I left my campsite under blue skies and hot sun, the Rim Trail would be my last hike in the park. The trail is aptly named, as it traces the edges of each mountain surrounding the core area of the Park. My goal was to make it to Stone City, a particularly enchanting portion of the trail.
From my campsite at Lake of the Woods to Glacier lake was easy terrain, from there, the trail takes a sharp rise. Most of the elevation gain comes in a 2km strenuous ascent into the alpine. There was a lot of huffing and puffing going on, hiking in the midday sun drains the energy a lot faster. I stopped to admire the view of Glacier lake below.
Just before reaching the plateau, I had to slog through giant patches of snow, there was a trail of shoe prints from other hikers to follow, but an afternoon of melting made it extra slippery.
Focused on not sliding down the snow patch, I hadn't noticed a mother Mountain goat and kid approaching in my direction. But there they were, walking intently towards me. I think she just hadn't spotted me, for as soon as she did, the goats veered off to my left.
Now this was what I was hoping for, not goats standing around outhouses, but goats surrounded by alpine lakes and vistas.

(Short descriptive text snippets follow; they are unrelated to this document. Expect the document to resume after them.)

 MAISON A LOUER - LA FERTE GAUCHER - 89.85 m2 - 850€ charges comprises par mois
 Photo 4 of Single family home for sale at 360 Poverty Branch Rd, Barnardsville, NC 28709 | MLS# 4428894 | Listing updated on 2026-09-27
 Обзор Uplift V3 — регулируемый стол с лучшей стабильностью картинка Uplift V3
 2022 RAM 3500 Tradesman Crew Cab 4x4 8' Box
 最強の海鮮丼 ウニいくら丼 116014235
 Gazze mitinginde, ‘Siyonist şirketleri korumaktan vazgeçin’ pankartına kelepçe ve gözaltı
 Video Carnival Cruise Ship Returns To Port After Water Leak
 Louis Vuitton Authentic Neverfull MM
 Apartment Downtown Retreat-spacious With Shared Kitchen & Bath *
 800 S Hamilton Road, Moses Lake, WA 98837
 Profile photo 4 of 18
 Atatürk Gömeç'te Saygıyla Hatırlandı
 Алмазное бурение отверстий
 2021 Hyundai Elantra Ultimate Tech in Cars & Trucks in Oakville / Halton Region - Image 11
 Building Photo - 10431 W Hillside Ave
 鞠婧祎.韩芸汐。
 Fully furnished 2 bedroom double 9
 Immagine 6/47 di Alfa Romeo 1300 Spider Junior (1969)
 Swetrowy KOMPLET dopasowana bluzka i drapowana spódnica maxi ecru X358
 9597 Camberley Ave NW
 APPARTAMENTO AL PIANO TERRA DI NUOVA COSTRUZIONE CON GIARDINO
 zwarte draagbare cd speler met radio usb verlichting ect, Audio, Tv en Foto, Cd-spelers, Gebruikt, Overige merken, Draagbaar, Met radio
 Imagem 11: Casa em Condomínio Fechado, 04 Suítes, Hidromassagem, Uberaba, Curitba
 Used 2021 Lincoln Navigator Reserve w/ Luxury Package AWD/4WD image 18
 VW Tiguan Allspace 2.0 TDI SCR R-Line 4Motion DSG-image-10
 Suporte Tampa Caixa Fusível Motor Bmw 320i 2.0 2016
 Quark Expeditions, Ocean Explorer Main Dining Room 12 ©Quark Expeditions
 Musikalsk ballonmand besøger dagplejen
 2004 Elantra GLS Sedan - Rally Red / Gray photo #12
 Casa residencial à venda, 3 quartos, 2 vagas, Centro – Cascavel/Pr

At last, I reached the plateau. It was magical. As far as I could see were mountain peaks of the cascades, all the way into Washington. I looked back to Glacier lake, now tiny. Hard to believe an hour ago I was down there.
I followed the rim trail, past the views of Glacier Lake, up towards the stone city. Another pair of Goats were coming my way. I used my Panasonic Fz1000 to capture the goats with different perspectives of mountains.
Further up, I heard a familiar song, Gray-crowned Rosy-Finch! These birds are exclusively seen in the alpine during the summer months.
I saw many Horned Larks, creeping about the Wildflowers.
The hike along the rim was more challenging than I had envisioned. The terrain was rugged and rocky, and though not steep, still needed time and attention. I finally reached Stone City.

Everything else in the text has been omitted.